With over 99-percent approving, PSA Group shareholders have approved its pending merger with Fiat Chrysler Automobiles. It’s now on the shareholders of FCA to approve the deal. Assuming FCA follows suit, the two automakers will merge to form the combined automaker, Stellantis.
Today’s vote at PSA was led by the company’s two largest shareholders, the Peugeot family and China’s Dongfeng Motor. Getting these two parties on board with the deal nearly guaranteed the mergers approval. PSA CEO Carlos Tavares praised the approval and merger in a call following the vote.
FCA shareholders are expected to approve the merger shortly.
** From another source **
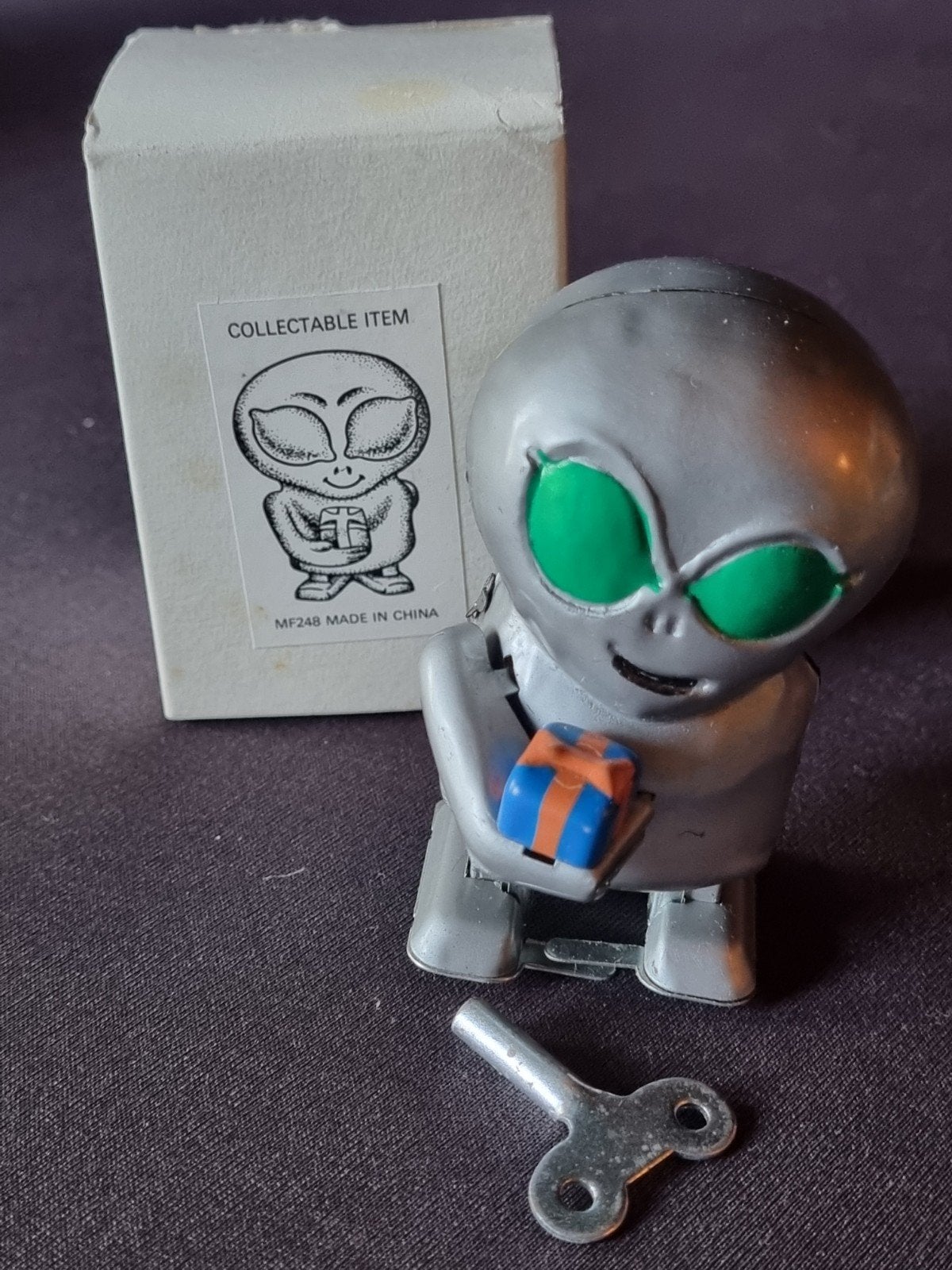 Vintage Opwindbaar Alien Speeltje met Cadeau - MF248, Ophalen of Verzenden, Zo goed als nieuw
Despite the approval on the PSA side, the company has not announced a date for the actual consolidation to take place. Tavares said the final date will be announced shortly, likely after FCA shareholders have given their blessing. Reports suggest the merger could be finalized by late January since all regulatory approvals have been obtained.
Once finalized, Stellantis will form the fourth largest automaker in the world. The combined entity will house 14 brands around the globe, with some acting as current competitors. Tavares has not confirmed if the company will consolidate its brands post-merger, but many analysts suspect it is inevitable.
Tavares, who will serve as Stellantis CEO, will immediately turn his attention to China and electrification. While FCA and PSA have some complimentary traits, both automakers are fairly weak in the important Chinese market. FCA is also considered a lagger when it comes to electrification, while PSA is stronger on that front. In fact, PSA has disclosed publicly that it has halted all investments into internal combustion engines.
In addition to PSA’s CEO serving as the new entity’s CEO, PSA Group will also have the majority of Stellantis’ board seats. Both FCA and PSA will have five board seats, but Tavares will serve as the sixth and tie-breaker.